*** Begin section ***

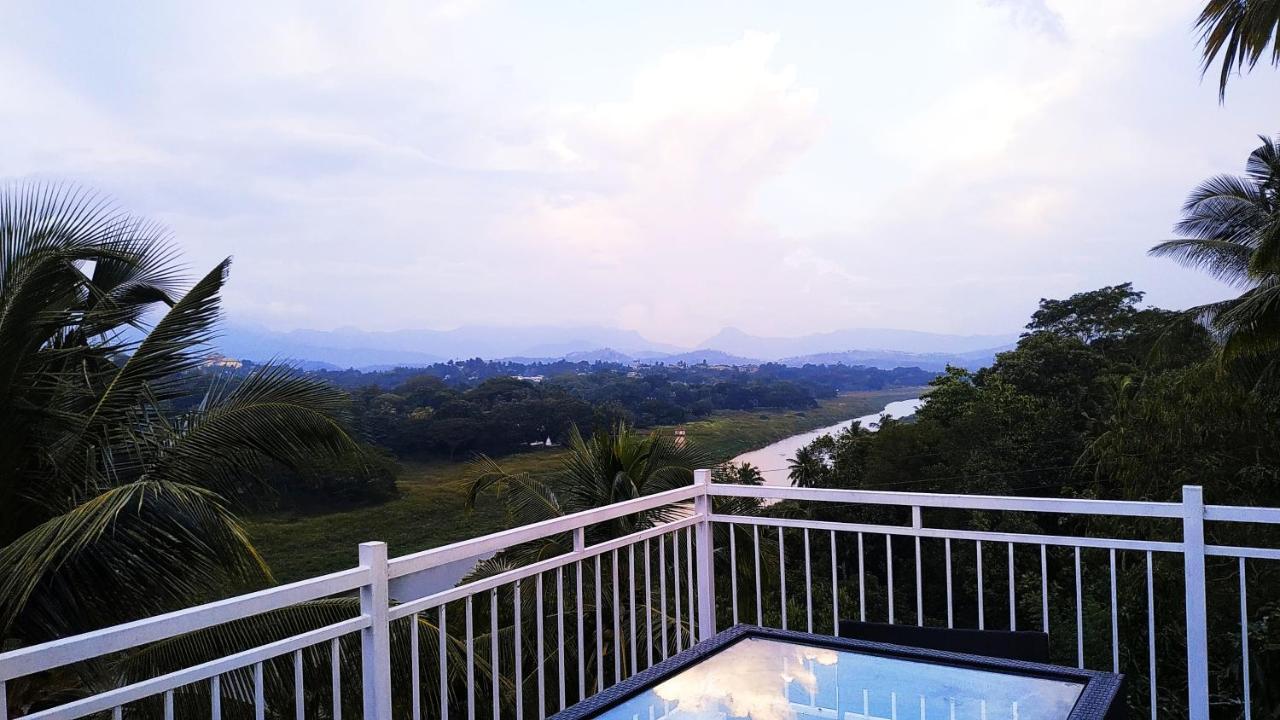 Mahaweli View Inn Kandy Eksteriør billede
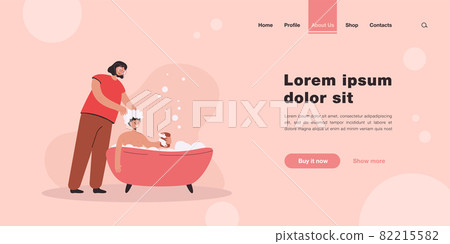 Mother bathing son and washing hair 82215582
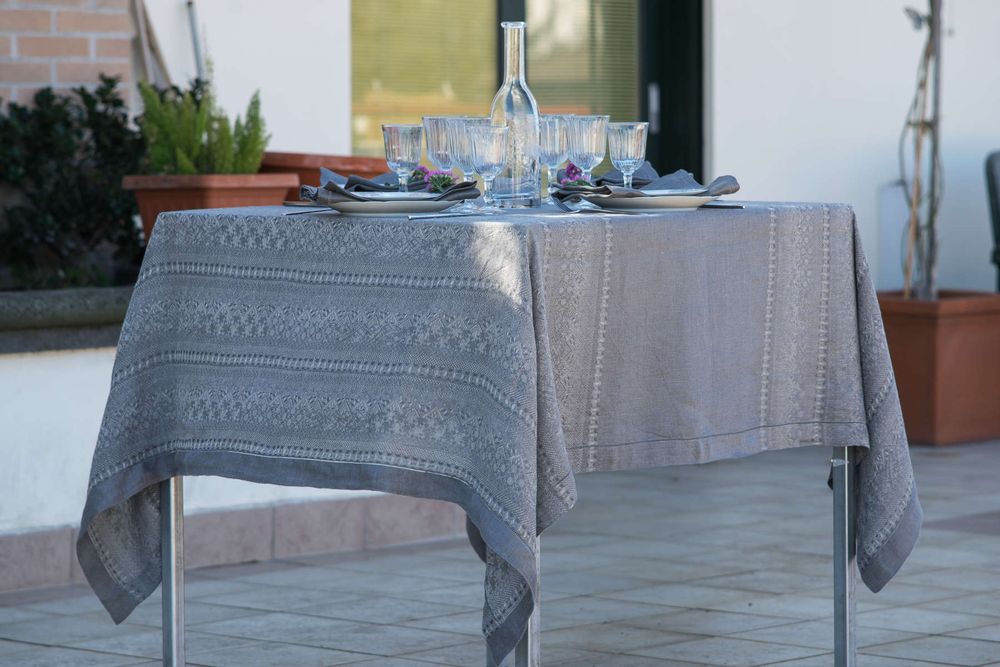 Linge de table textile - Nappe 100% lin « Susan » - EVA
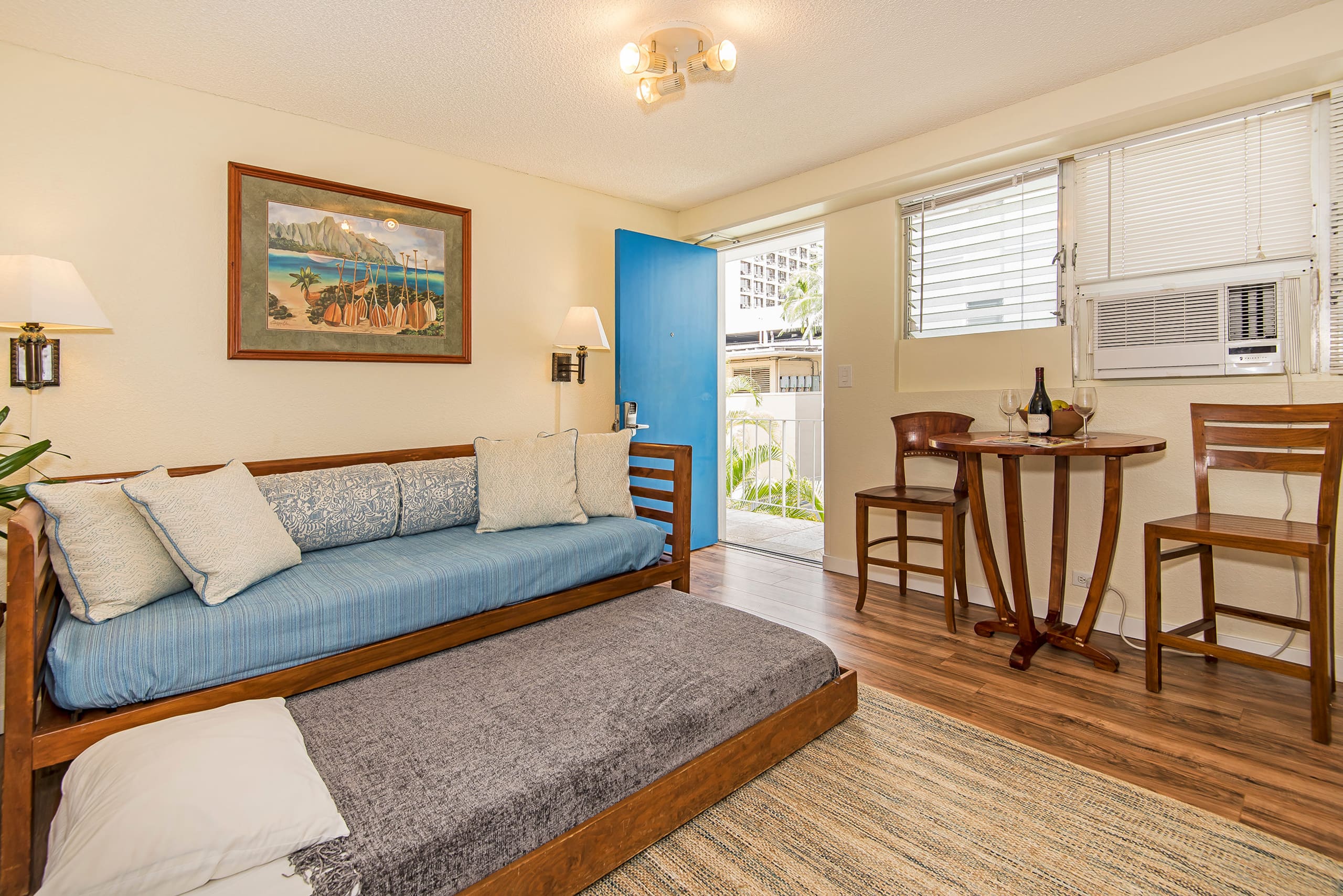 Condo in Honolulu · ★4.77 · 1 bedroom · 3 beds · 1 private bath - Image 5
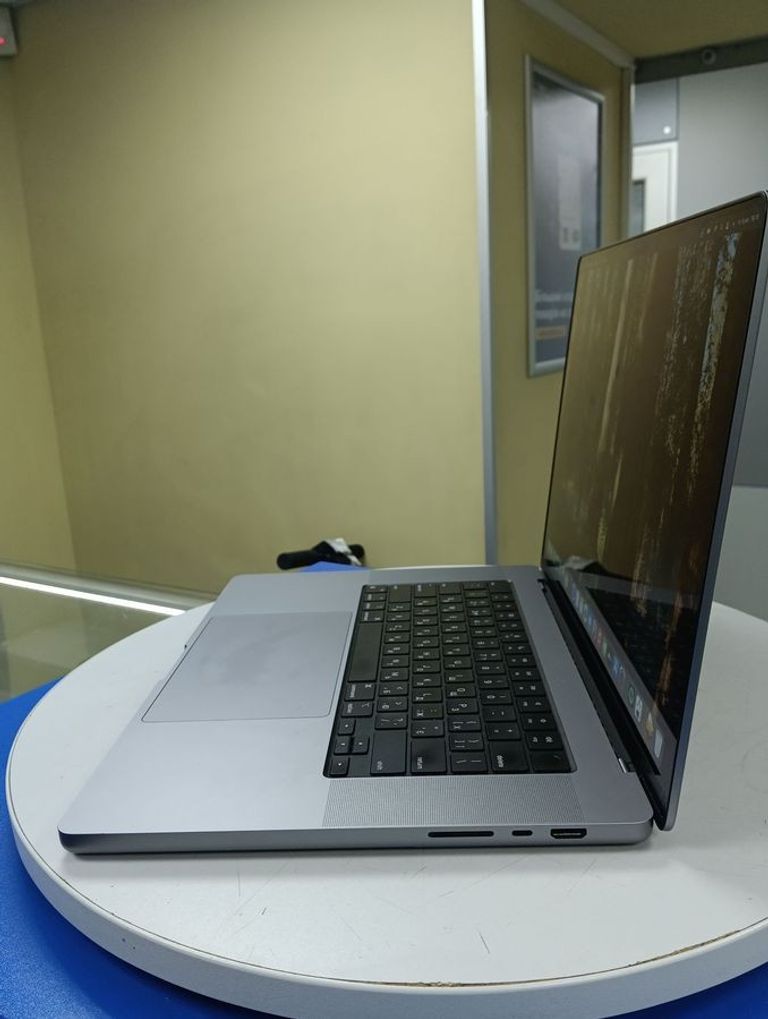 Распродажа Apple MacBook Pro 16" Space Gray 2021 (Z14W00105, Z14V0016H), продавец Техноскарб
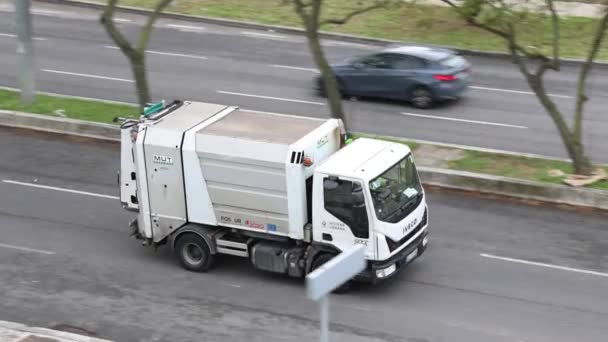 Lisboa Portugal Março 2024 Veículo Limpeza Higiene Urbana Serviço Câmara — Vídeo de Stock
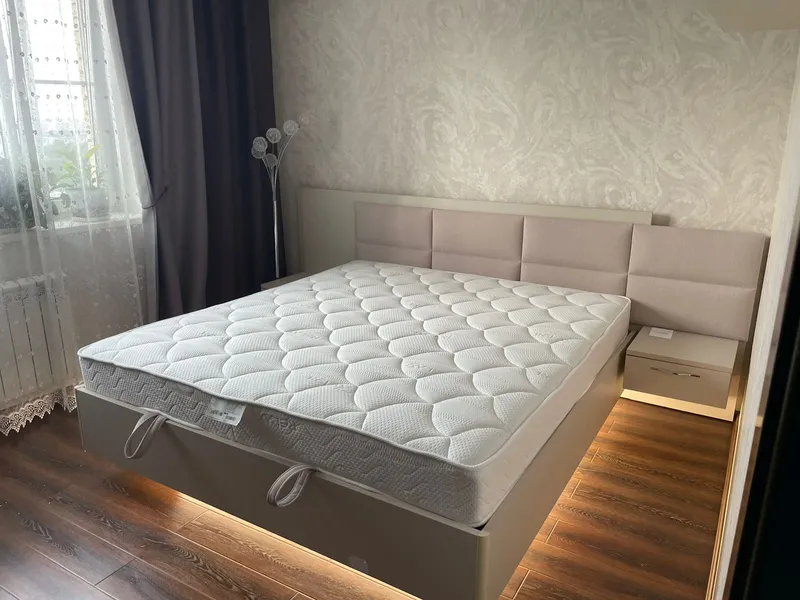 Кровать двуспальная Lazio с парящим эффектом и мягкой спинкой L142 , 140x200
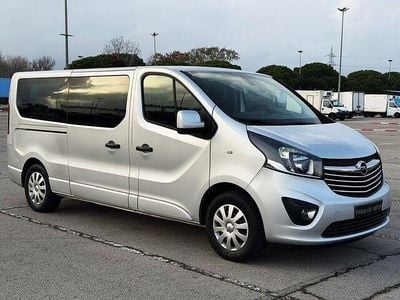Usado Opel Vivaro 125 CV (91 kW) 2017 Gris Monovolumen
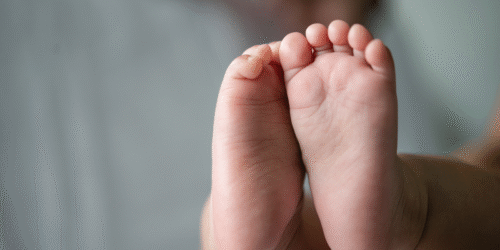 Bebés prematuros en Gaza son ingresados a la misma incubadora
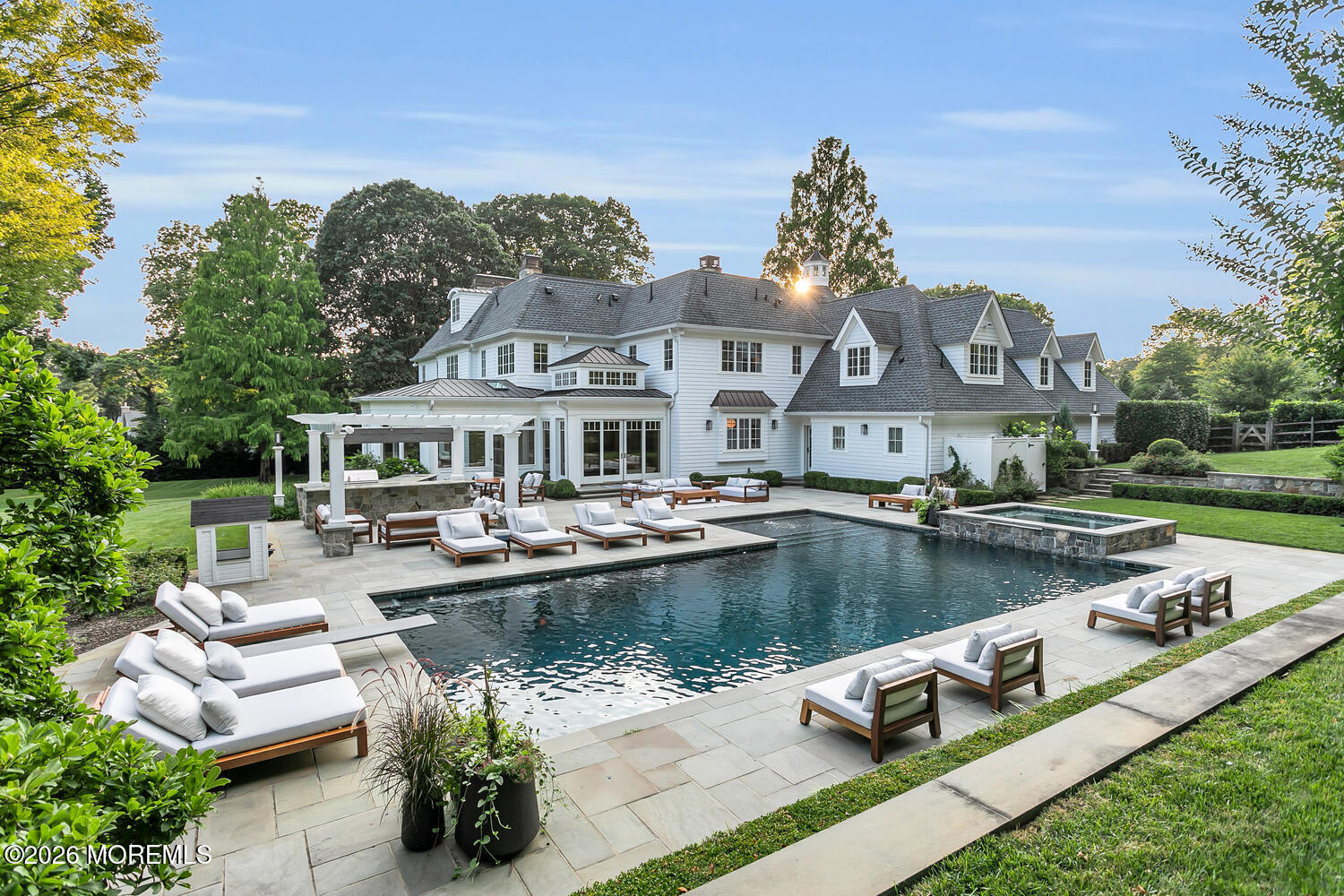 18 Bellevue Avenue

*** End section ***

All that should be returned is the run of lines from the start of the entries above to the line bearing "Распродажа Apple MacBook", each exact, with pictures omitted.

### [RESULT]
 Mahaweli View Inn Kandy Eksteriør billede
 Mother bathing son and washing hair 82215582
 Linge de table textile - Nappe 100% lin « Susan » - EVA
 Condo in Honolulu · ★4.77 · 1 bedroom · 3 beds · 1 private bath - Image 5
 Распродажа Apple MacBook Pro 16" Space Gray 2021 (Z14W00105, Z14V0016H), продавец Техноскарб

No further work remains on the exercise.